Beginning in late 2003, Shapiro, Stitsky, and Foster founded a group of companies that operated under the name "Cobalt," which purportedly engaged in the acquisition and
development of multi-family real estate properties throughout the United States. Through the Cobalt entities, Shapiro, Stitsky, and Foster fraudulently induced victims to invest by, among other things: (a) misrepresenting Cobalt's operating history; (b) failing to inform prospective investors that Cobalt was owned and controlled by Shapiro and Stitsky, both convicted felons; and (c) misrepresenting and causing others to misrepresent Cobalt's purported ownership interests in certain properties to prospective investors. In fact, Cobalt was a new company with little or no record of real estate investment success, was managed and controlled by Shapiro and Stitsky, and did not own several of the properties that it claimed to own.
In order to carry out their scheme, Shapiro, Stitsky, and Foster established Cobalt's corporate headquarters in Springfield, Massachusetts, a satellite Cobalt office in Miami, Florida, and a telemarketing center in Great Neck, New York. Shapiro controlled and managed all aspects of Cobalt's Massachusetts and Florida offices, while Stitsky was in charge of the telemarketing center in New York. The defendants and their employees solicited funds from investors by making false and misleading oral and written representations about, among other things, the investment for which the investors' funds were solicited, and the identities and relevant background information about the individuals controlling the Cobalt entities.
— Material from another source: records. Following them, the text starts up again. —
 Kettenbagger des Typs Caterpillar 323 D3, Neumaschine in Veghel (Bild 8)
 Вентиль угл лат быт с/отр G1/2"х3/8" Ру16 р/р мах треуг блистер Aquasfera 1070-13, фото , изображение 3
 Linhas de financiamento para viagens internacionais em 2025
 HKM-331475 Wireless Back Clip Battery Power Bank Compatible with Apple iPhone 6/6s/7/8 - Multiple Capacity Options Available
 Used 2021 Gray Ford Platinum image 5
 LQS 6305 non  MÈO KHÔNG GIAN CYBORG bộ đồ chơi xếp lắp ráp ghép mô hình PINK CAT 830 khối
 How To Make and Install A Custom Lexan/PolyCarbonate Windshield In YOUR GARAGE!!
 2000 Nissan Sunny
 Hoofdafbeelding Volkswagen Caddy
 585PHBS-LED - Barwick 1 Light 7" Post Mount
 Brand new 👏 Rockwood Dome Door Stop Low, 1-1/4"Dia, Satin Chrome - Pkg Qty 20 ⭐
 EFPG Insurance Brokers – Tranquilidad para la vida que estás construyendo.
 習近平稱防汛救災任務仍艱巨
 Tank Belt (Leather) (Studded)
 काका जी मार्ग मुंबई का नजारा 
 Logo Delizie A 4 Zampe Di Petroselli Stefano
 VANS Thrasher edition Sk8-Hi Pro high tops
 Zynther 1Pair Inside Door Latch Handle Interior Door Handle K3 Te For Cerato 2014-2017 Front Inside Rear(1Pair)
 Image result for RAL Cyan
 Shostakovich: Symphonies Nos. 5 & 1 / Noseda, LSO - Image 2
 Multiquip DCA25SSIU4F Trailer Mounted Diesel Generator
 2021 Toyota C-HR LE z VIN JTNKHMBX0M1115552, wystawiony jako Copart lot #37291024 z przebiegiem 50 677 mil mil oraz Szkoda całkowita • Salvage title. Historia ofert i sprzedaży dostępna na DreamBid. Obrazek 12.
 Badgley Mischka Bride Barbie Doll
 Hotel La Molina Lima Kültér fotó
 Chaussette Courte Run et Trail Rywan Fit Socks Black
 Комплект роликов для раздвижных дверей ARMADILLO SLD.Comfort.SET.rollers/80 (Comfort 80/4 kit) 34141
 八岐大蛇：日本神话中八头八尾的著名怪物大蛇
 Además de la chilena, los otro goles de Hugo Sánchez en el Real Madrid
In addition, in furtherance of the scheme, Shapiro and Foster created and sent false financial statements and fake account statements that purported to show that Shapiro had liquid assets in excess of $3 million.
In addition to the prison term, Judge Wood sentenced Shapiro to three years of supervised release and ordered him to pay $22,075,631 in restitution and to forfeit $23,152,235 in proceeds from his offenses.
Irving Stitsky, 56, Milan, New York, was sentenced to 85 years in prison on July 6, 2010, and William B. Foster, 70, East Hampton, Massachusetts, was sentenced to 3 years in prison on September 22, 2010.